======== DATA FOR THIS TASK

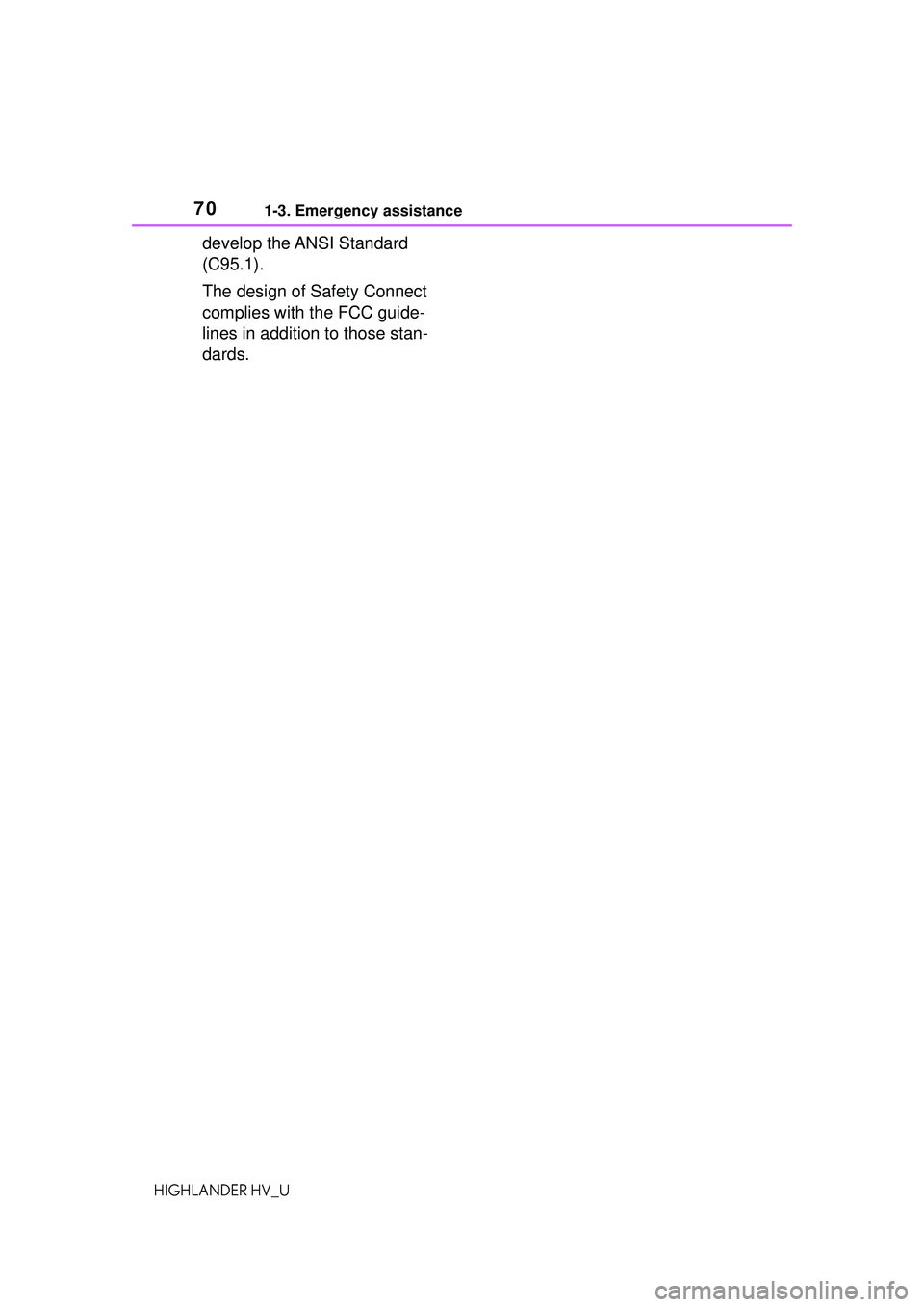 TOYOTA HIGHLANDER HYBRID 2021 (in English) Repair Manual 701-3. Emergency assistance
HIGHLANDER HV_U
develop the ANSI Standard
(C95.1).
The design of Safety Connect
complies with the FCC guide-
lines in addition to those stan-
dards. TOYOTA HIGHLANDER HYBRID 2021 (in English) Repair Manual 701-3. Emergency assistance
HIGHLANDER HV_U
develop the ANSI Standard
(C95.1).
The design of Safety Connect
complies with the FCC guide-
lines in addition to those stan-
dards.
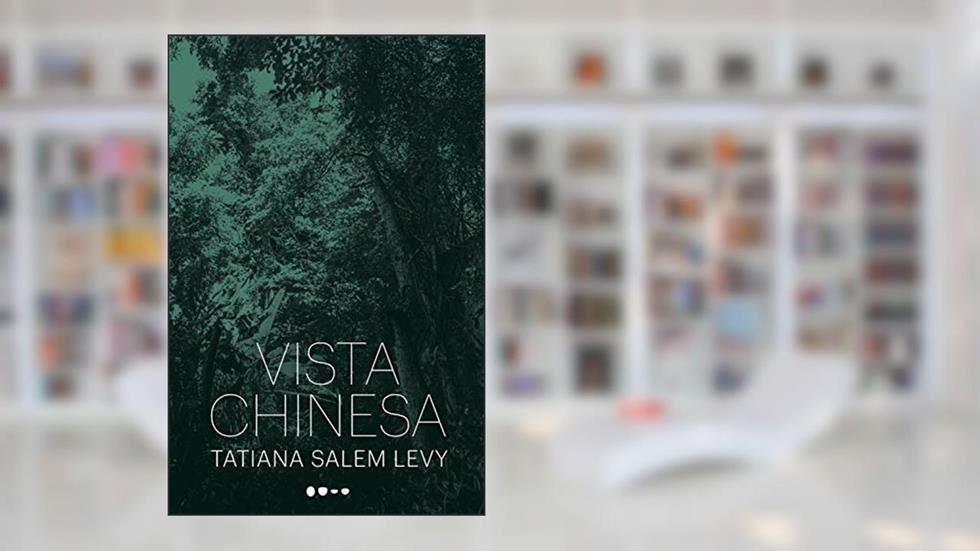 Vista chinesa, do autor Tatiana Salem Levy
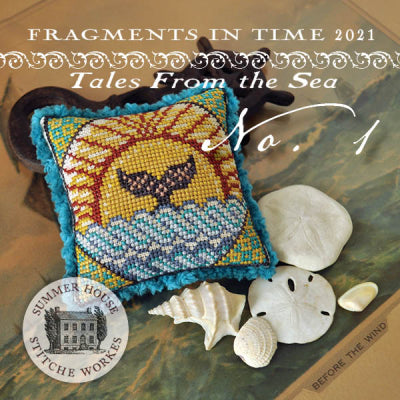 Fragments in Time 2021 - #1 Tales From the Sea / Summer House Stitche Workes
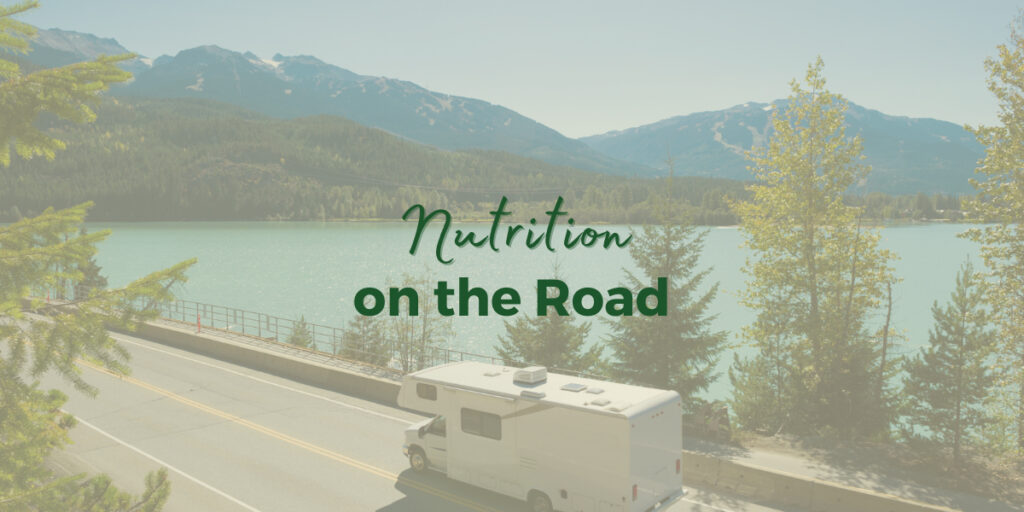Nutrition on the Road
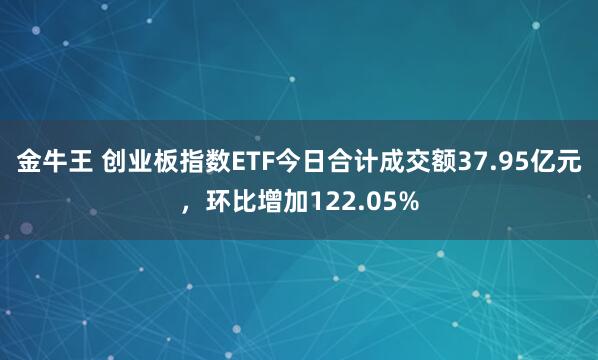 金牛王 创业板指数ETF今日合计成交额37.95亿元，环比增加122.05%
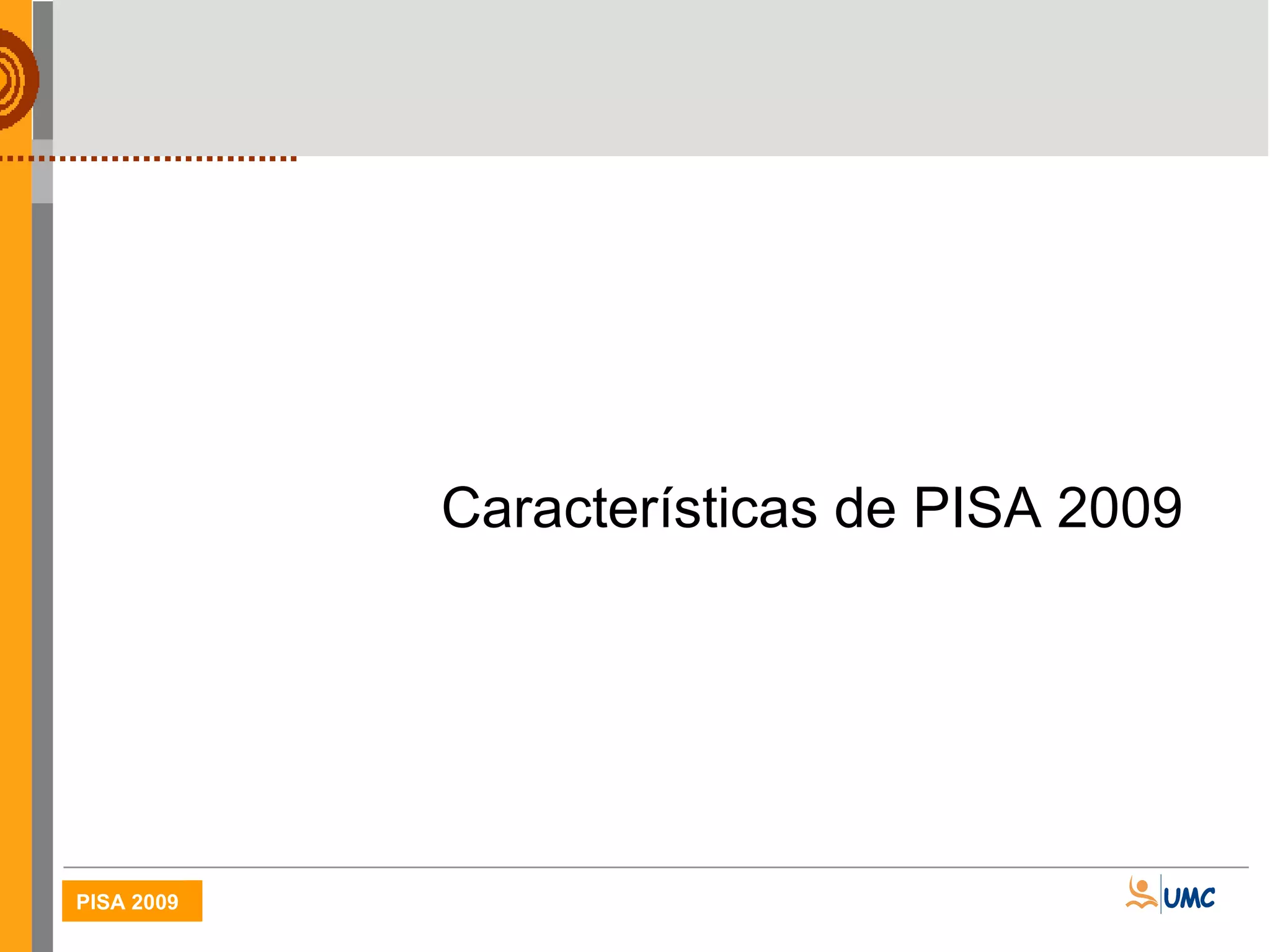 Características de PISA 2009 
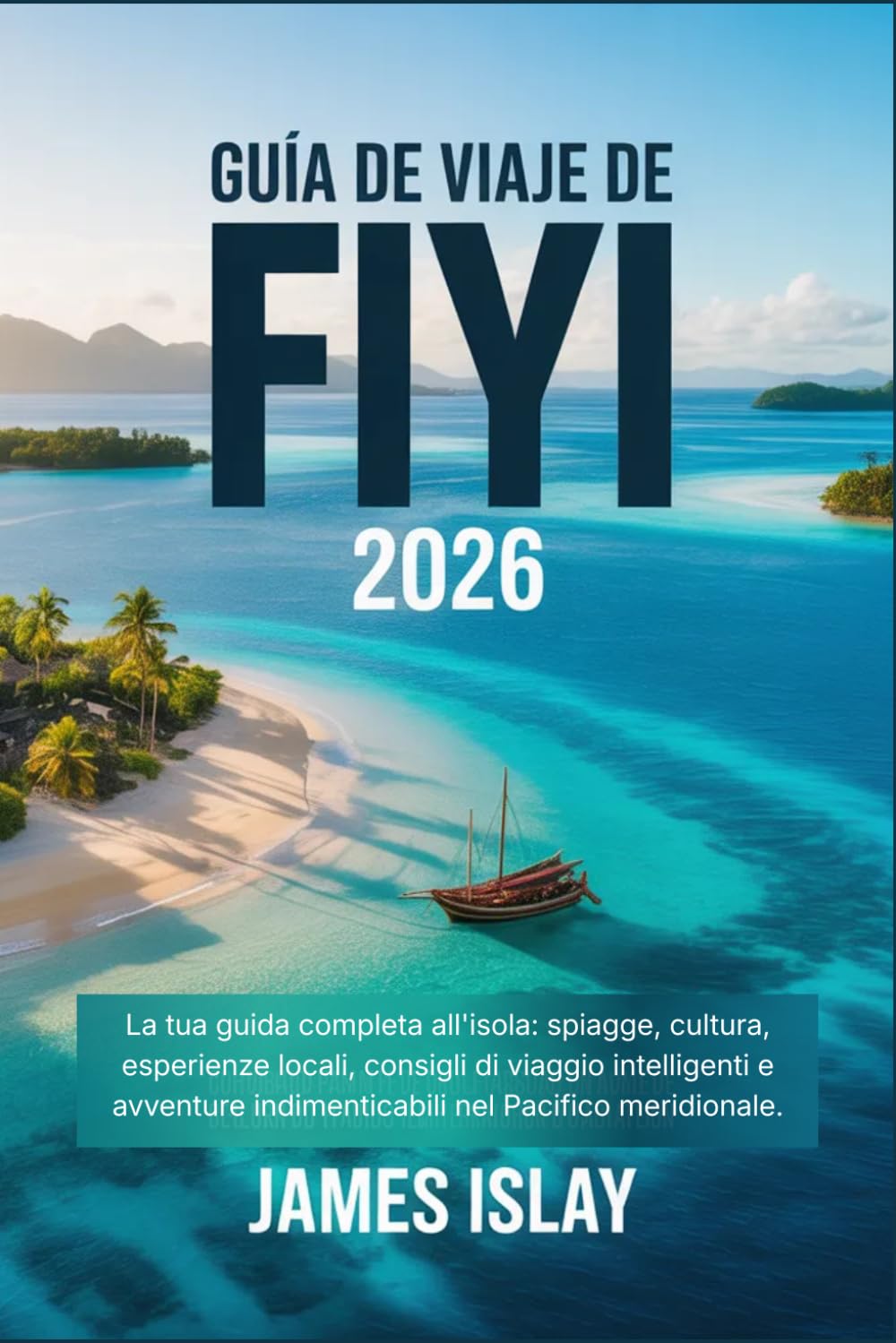 Guía de viaje de Fiyi 2026: Tu guía completa para descubrir playas, cultura, experiencias locales, consejos de viaje inteligentes y aventuras inolvidables en el Pacífico Sur.
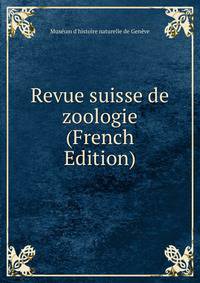 Revue suisse de zoologie (French Edition)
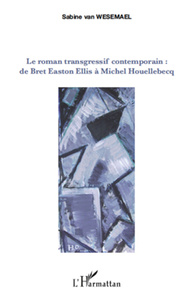 Le roman transgressif contemporain : - de bret easton ellis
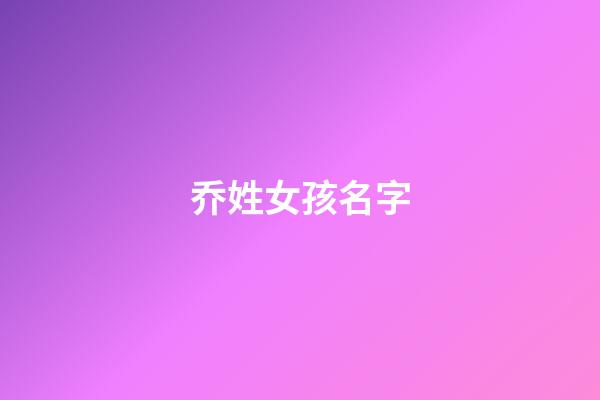 乔姓女孩名字(乔姓女孩名字两个字)-第1张-女孩起名-玄机派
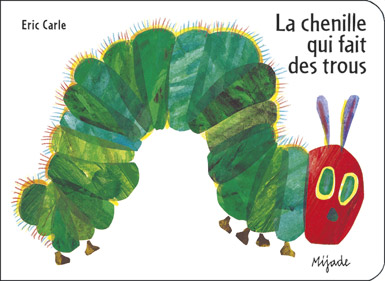 Chenille qui fait des trous (La) Album cartonné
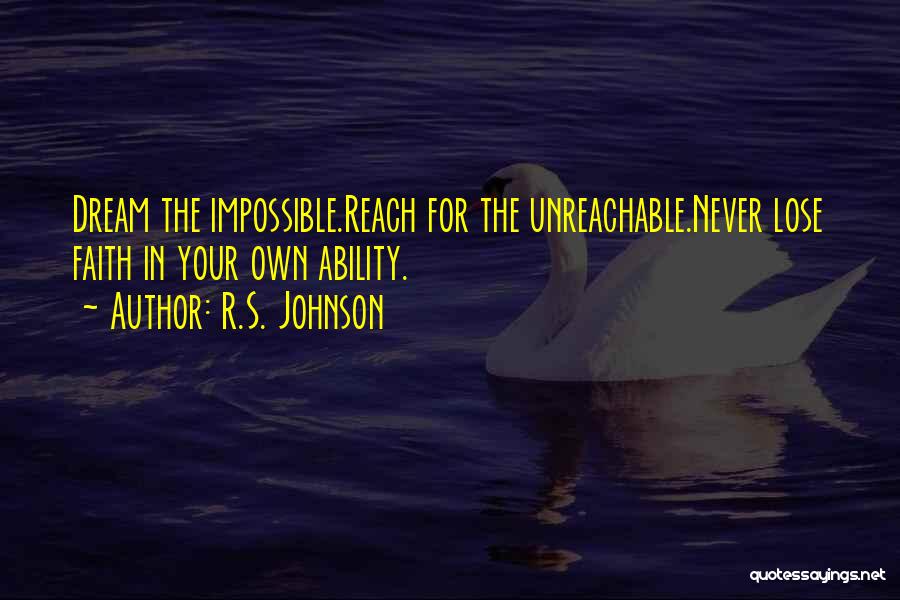 Unreachable Quotes By R.S. Johnson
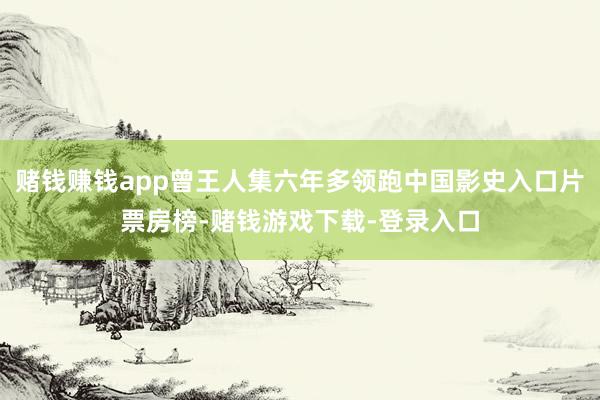 赌钱赚钱app曾王人集六年多领跑中国影史入口片票房榜-赌钱游戏下载-登录入口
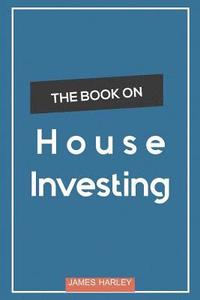 bokomslag House Investing: Location, Location, Location! Circumnavigate the Complex Process of Picking a Profitable Investment House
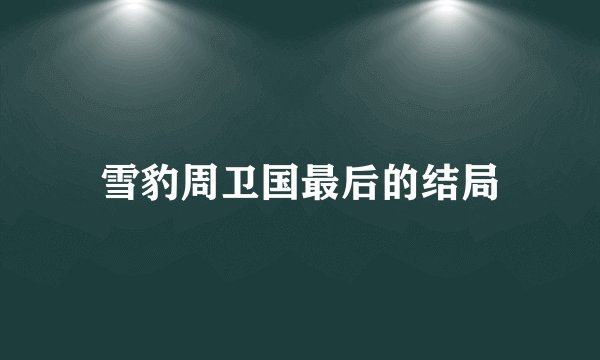 雪豹周卫国最后的结局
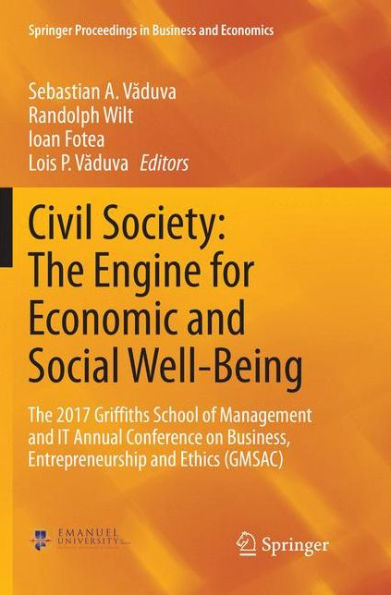 Civil Society: The Engine for Economic and Social Well-Being: The 2017 Griffiths School of Management and IT Annual Conference on Business, Entrepreneurship and Ethics (GMSAC)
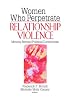 Women Who Perpetrate Relationship Violence: Moving Beyond Political Correctness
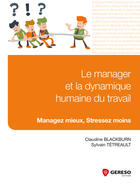 Couverture du livre « Le manager et la dynamique humaine du travail ; managez mieux, stressez moins » de Claudine Blackburn et Sylvain Tetrehault aux éditions Gereso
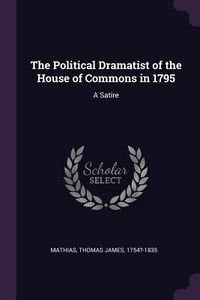 Produktbild: The Political Dramatist of the House of Commons in 1795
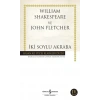 İki Soylu Akraba (Karton Kapak) - William Shakespeare - İş Bankası Kültür Yayınları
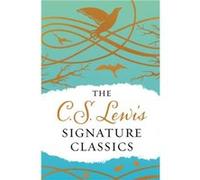The C. S. Lewis Signature Classics Gift Edition An Anthology of 8 C. S. Lewis Titles Mere Christianity the Screwtape Letters Miracles the Great Divorce th C S LewisC S Lewis (Auteur)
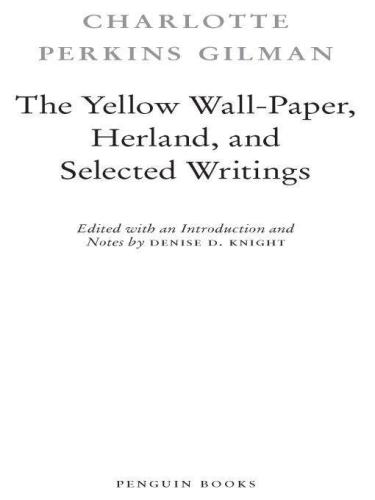 The Yellow Wall-Paper, Herland, and Selected Writings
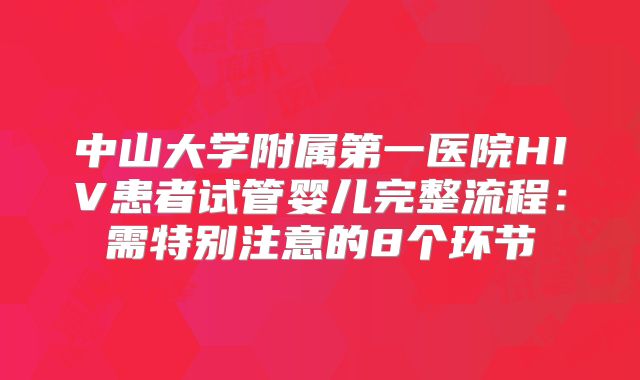 中山大学附属第一医院HIV患者试管婴儿完整流程：需特别注意的8个环节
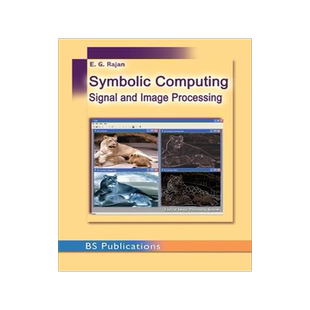 [预订]Symbolic Computing and Signal and Image Procesing (includes CD-ROM) 9789352300341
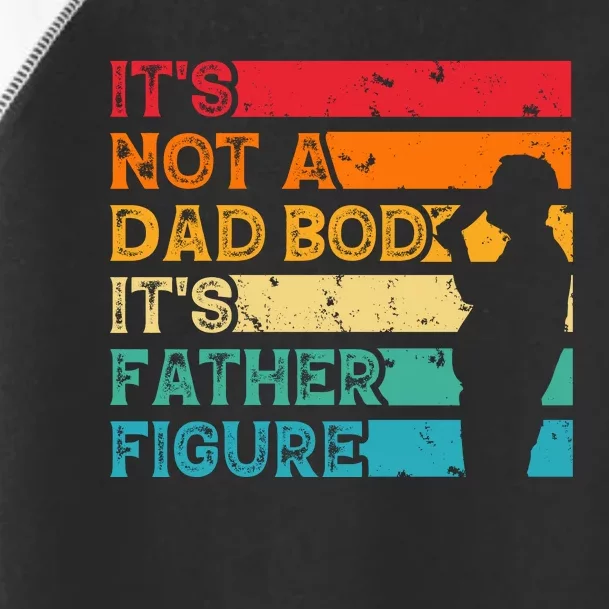 Its Not A Dad Bod Its Father Figure Toddler Fine Jersey T-Shirt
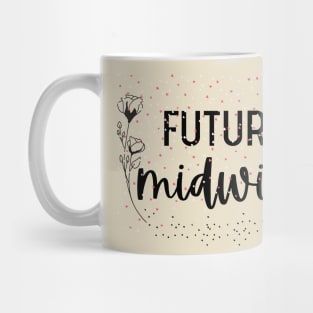 Future Midwife - Gift idea for Midwives Mug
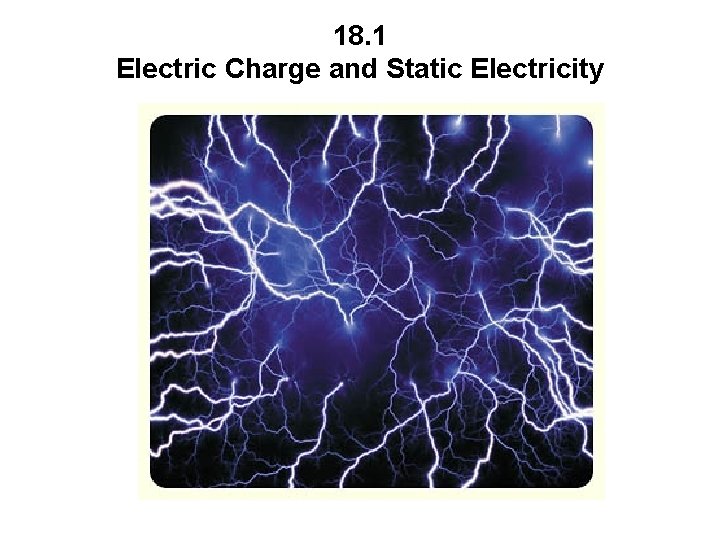 18. 1 Electric Charge and Static Electricity 18. 1 Electric Charge and Static Electricity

================

#### WORK REQUEST:
Retype the records above word for word, from their first line through the line containing "Características de PISA 2009", and leave out every picture.

#### SOLUTION BELOW:
 TOYOTA HIGHLANDER HYBRID 2021 (in English) Repair Manual 701-3. Emergency assistance
HIGHLANDER HV_U
develop the ANSI Standard
(C95.1).
The design of Safety Connect
complies with the FCC guide-
lines in addition to those stan-
dards. TOYOTA HIGHLANDER HYBRID 2021 (in English) Repair Manual 701-3. Emergency assistance
HIGHLANDER HV_U
develop the ANSI Standard
(C95.1).
The design of Safety Connect
complies with the FCC guide-
lines in addition to those stan-
dards.
 Vista chinesa, do autor Tatiana Salem Levy
 Fragments in Time 2021 - #1 Tales From the Sea / Summer House Stitche Workes
Nutrition on the Road
 金牛王 创业板指数ETF今日合计成交额37.95亿元，环比增加122.05%
 Características de PISA 2009 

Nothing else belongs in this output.